Vulnerability is based on mutuality and requires boundaries and trust.
It is not over sharing.
It is not purging.
It is indiscriminate disclosure, and it is not a social media dump.
Vulnerability is about sharing our feelings and our experiences with people who have earned the right to hear them.
Being vulnerable and open is mutual and an integral part of the trust building process.
We cannot always have guarantees in place before we risk sharing; however, we do not bare our souls soon after we meet someone or because we feel ready to share our pain.
That may be desperation or woundedness but it is not vulnerability.
Vulnerability is mutual, and does not occur in 'all or nothing' arenas.
Vulnerability without boundaries leads to disconnection, distrust, and disengagement.
Boundaryless disclosure is one way we protect ourselves from having real vulnerability.
Vulnerability is bankrupt on its own terms when people move from being vulnerable to using vulnerability to deal with unmet needs.
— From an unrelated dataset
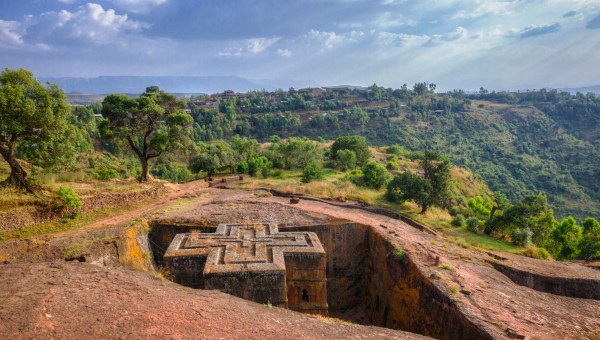 WEB2-ETHIOPIA-LALIBELA-shutterstock_430047499.jpg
Because you have not had a voice in the past, does not mean full disclosure once you have heard your own voice. This means to slow down and pause, identifying when to use your voice, when to share your secrets, and who to share them with. How can one share their secrets to the world, when they have not yet healed the wounded parts of themselves first?
Slowing down, pausing, understanding trust and who to trust with our special feelings is honoring ourselves as well.
To more effectively dispel the myth that vulnerability is a secret-sharing-free-for-all, let's examine trust.
Visualize an empty marble jar.
Trust is build one marble at a time.
We all begin relationships with an empty marble jar.
As we experience trust, we drop a marble in the jar.
Whenever someone supports you, or is kind to you, or honors what you share with them as private, you put more marbles in the jar.
However, when people are disrespectful, or share your secrets, marbles come out of the jar.
You get to measure who you can be vulnerable with in a safe way based on the marble in your jar.
Remember, trust is built one marble at a time.
Trust is a product of vulnerability that grows over time and requires work, attention, and full engagement.
Trust isn't a grand gesture----it is a growing marble collection.